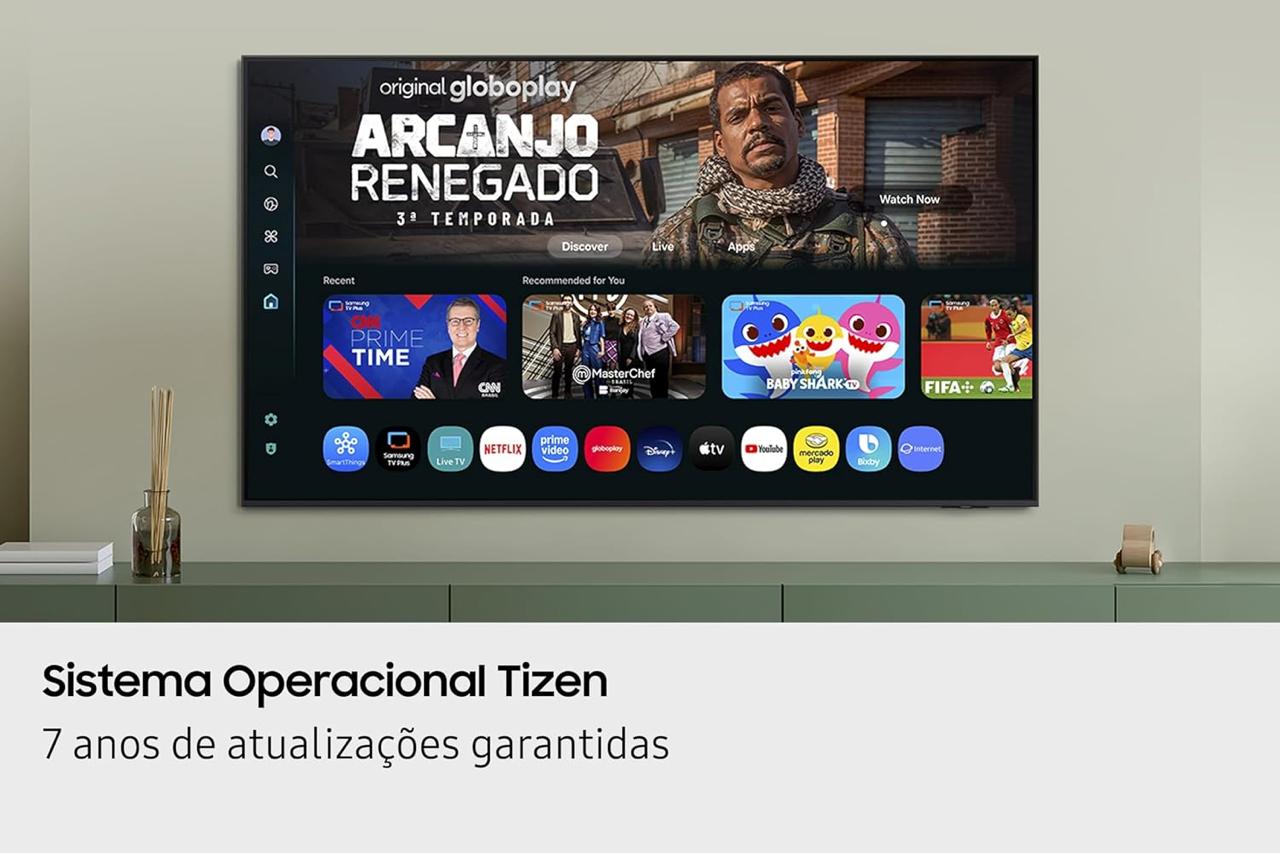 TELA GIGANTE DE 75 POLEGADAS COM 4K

...

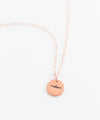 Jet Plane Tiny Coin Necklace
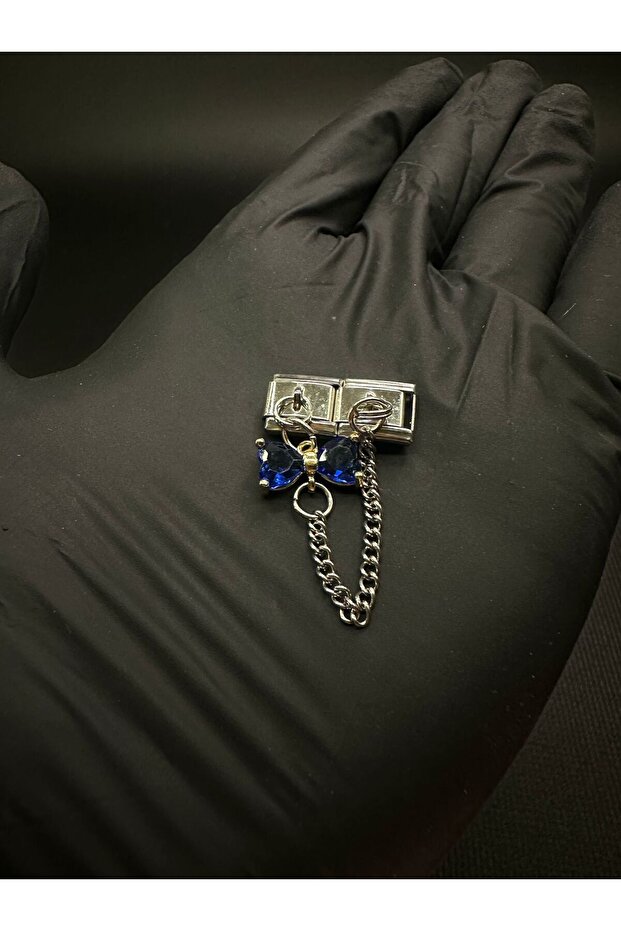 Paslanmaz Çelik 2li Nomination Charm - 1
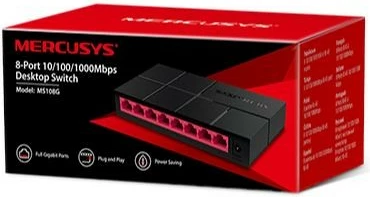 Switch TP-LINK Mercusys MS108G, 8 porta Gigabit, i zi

■ Action item
Above are some entries; copy exactly the lines from the line with "Paslanmaz Çelik 2li Nomination Charm - 1" through the line with "Switch TP-LINK Mercusys", both included, but none of the pictures.

■ Answer for this exercise
 Paslanmaz Çelik 2li Nomination Charm - 1
 Switch TP-LINK Mercusys MS108G, 8 porta Gigabit, i zi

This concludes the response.